# Plywood Q:



## VillageSniper (Jan 22, 2013)

I have some 7/16", 5 ply plywood scrap leftover from a job and wonder if it would be suitable for small slingshots powered by Tex light tubing. I know some pfs frames are even thinner, but they may also be made from the multiplex. The plywood in question is extraordinarily smooth and free of knots and voids. It was purchased from a local builder's supply and is some of the finest, whitest and smoothest that I have seen outside of cabinet grade or multiplex. I am thinking of making a couple small shooters with light tubing and assume that it would suffice for light target shooters.

Any advice would be much appreciated.

Thanks for your time,

VS


----------



## Henry the Hermit (Jun 2, 2010)

VillageSniper said:


> I have some 7/16", 5 ply plywood scrap leftover from a job and wonder if it would be suitable for small slingshots powered by Tex light tubing. I know some pfs frames are even thinner, but they may also be made from the multiplex. The plywood in question is extraordinarily smooth and free of knots and voids. It was purchased from a local builder's supply and is some of the finest, whitest and smoothest that I have seen outside of cabinet grade or multiplex.
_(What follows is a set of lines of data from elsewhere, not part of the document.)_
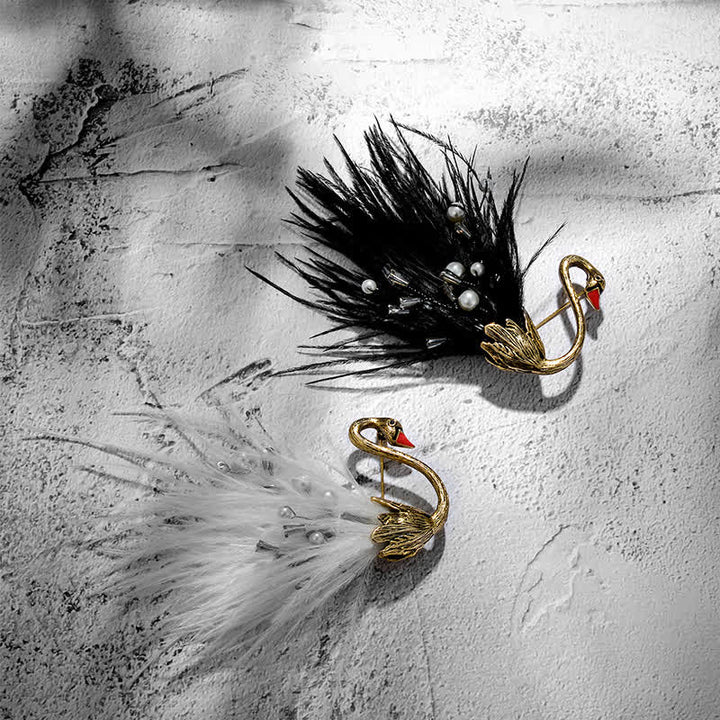 Broche en peluche en forme de cygne noir/blanc pour femme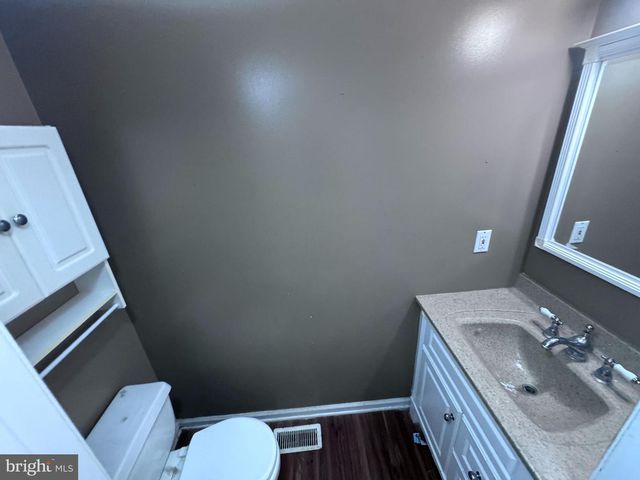 1721 BIDEN LN, Williamstown, NJ 08094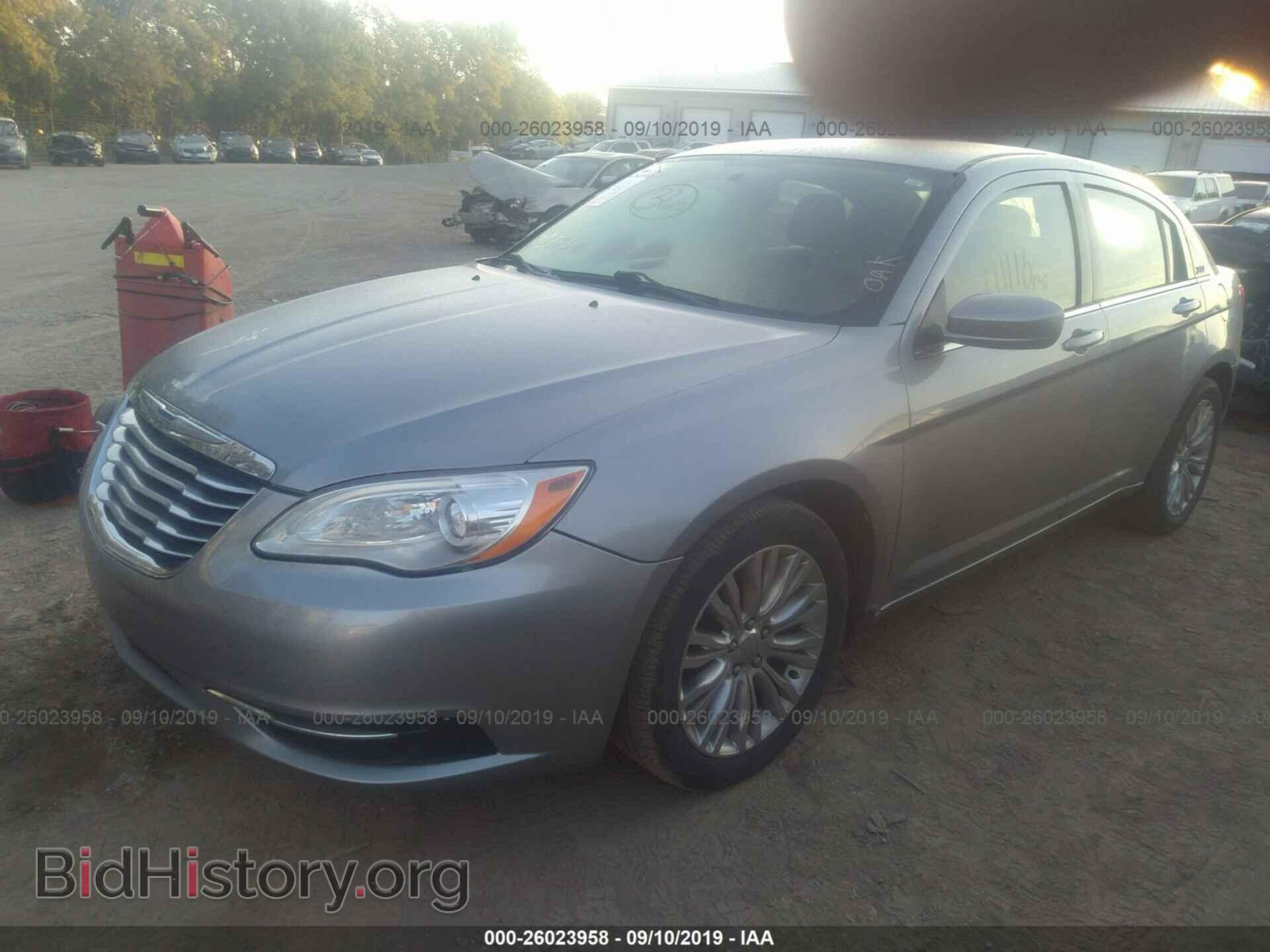 2013 CHRYSLER 200 - VIN: 1C3CCBAB9DN671437 - Photo 2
I am thinking of making a couple small shooters with light tubing and assume that it would suffice for light target shooters.
> 
> Any advice would be much appreciated.
> 
> ...


I have made small slingshots from 1/4 inch plywood with no problems. 7/16 inch should be plenty strong enough.


----------



## VillageSniper (Jan 22, 2013)

Thanks Henry,

I assumued it was strong enough for light tubes. Once it warms up enough for a woods walk, I am going to get some natural forks and make some ring shooters. Your work has inspired me to try em out.


----------



## bigron (Nov 29, 2012)

should be strong enough for any rubber


----------



## Nicholson (Sep 25, 2012)

I had the same question about some thicker plywood, thanks guys


----------



## bullseyeben! (Apr 24, 2011)

Some cheaper or less expensive ply can be riddled with voids, and these can be central and hard to detect especially in the lower forks, but usually its ok, just be cautious...


----------



## SlingDaddy (Sep 24, 2012)

It's only 5 ply as well - higher quality ply has more layers. I'd say you'll likely be fine, but watch out for any delamination.


----------



## Nicholson (Sep 25, 2012)

can the void be filled with something like superglue if there is not much of a void in the layers. I'm new to board cuts. It seems like I didn't pay much for the oak plywood sheet so it's most likely "not the best"


----------



## bullseyeben! (Apr 24, 2011)

If there is a.void in the ply that may cause a problem,.the chances are you wont see it until too late,....that's the problem... 
If you have enough to spare, get a few off cuts or smaller un usable pieces, and cut into.them to see how solid the construction of the ply is... chances are that you will be ok, but patience practice and cautuon save eyes...


----------



## treefork (Feb 1, 2010)

:thumbsup: Go for it


----------



## Nicholson (Sep 25, 2012)

it is a 5/8" plywood board and I cut out a fork and i could see some pinhole voids in the ply, like 1/16" maybe 1/8" . How can I tell when to trash a fork or can I just inspect the slingshot before and after a session. to make sure it's holding up. I love my eyes, but I'm also a poker player so I'll take a gamble once in a while


----------



## Henry the Hermit (Jun 2, 2010)

Nicholson said:


> it is a 5/8" plywood board and I cut out a fork and i could see some pinhole voids in the ply, like 1/16" maybe 1/8" . How can I tell when to trash a fork or can I just inspect the slingshot before and after a session. to make sure it's holding up. I love my eyes, but I'm also a poker player so I'll take a gamble once in a while


I can't find good quality plywood. Most of my small forks have voids. I fill them with plastic wood. If there are visible voids in the forks, I trash them. I pull test each to 50 pounds pull on each fork. 550 paracord and a digital fish scale work well for this test. I figure if it can withstand 50 lbs on each fork, it will most likely hold up to the 10~15 pound bands I use. I've never had a plywood fork break.


----------



## Nicholson (Sep 25, 2012)

Thanks! Henry, That sounds very legitamate. gotta find a fish scale


----------



## Adirondack Kyle (Aug 20, 2012)

You should be fine!!, especially if its a smaller slingshot. Keep us posted!


----------